WORK TASK: Using the listing below, output only the lines from the one that contains "200 piezas de" through the one that contains "21V Cordless Power", inclusive, exactly as given and without images.

DATASET RECORDS:
"""

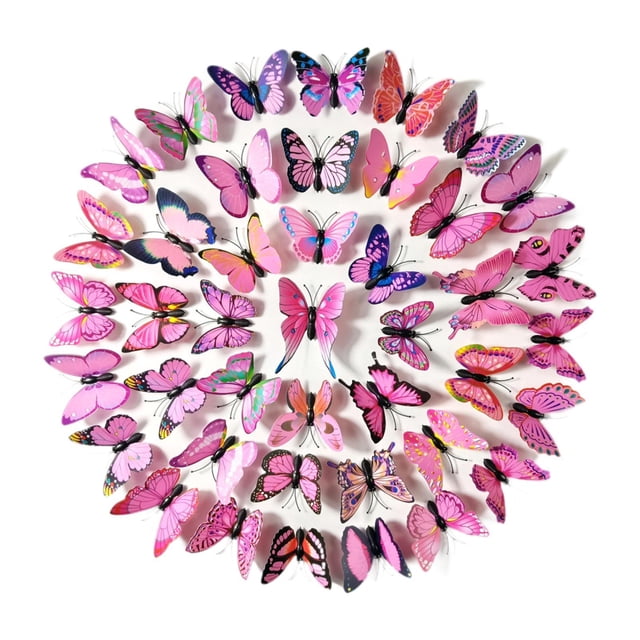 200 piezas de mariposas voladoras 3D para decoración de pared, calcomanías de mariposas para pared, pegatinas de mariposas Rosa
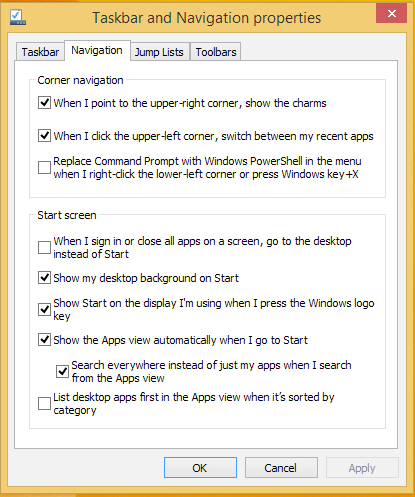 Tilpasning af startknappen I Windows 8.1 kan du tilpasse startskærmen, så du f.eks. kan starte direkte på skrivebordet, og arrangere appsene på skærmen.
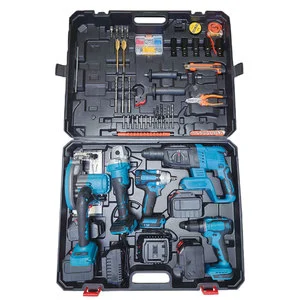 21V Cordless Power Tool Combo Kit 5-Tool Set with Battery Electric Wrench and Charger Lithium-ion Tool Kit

"""
"""

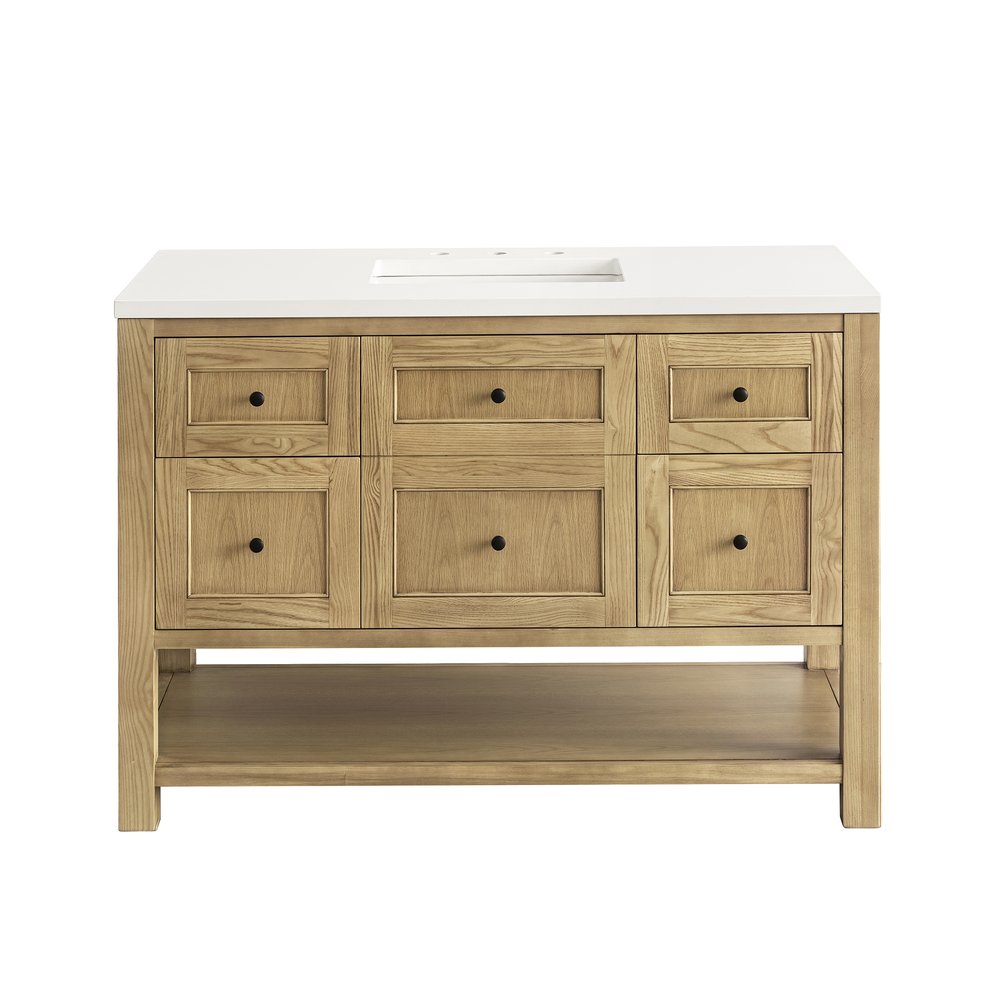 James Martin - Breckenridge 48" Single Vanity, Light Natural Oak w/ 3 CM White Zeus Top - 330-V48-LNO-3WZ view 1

"""
"""

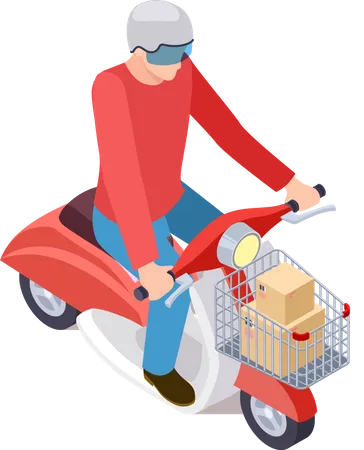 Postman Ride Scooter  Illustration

"""

FINISHED TASK:
 200 piezas de mariposas voladoras 3D para decoración de pared, calcomanías de mariposas para pared, pegatinas de mariposas Rosa
 Tilpasning af startknappen I Windows 8.1 kan du tilpasse startskærmen, så du f.eks. kan starte direkte på skrivebordet, og arrangere appsene på skærmen.
 21V Cordless Power Tool Combo Kit 5-Tool Set with Battery Electric Wrench and Charger Lithium-ion Tool Kit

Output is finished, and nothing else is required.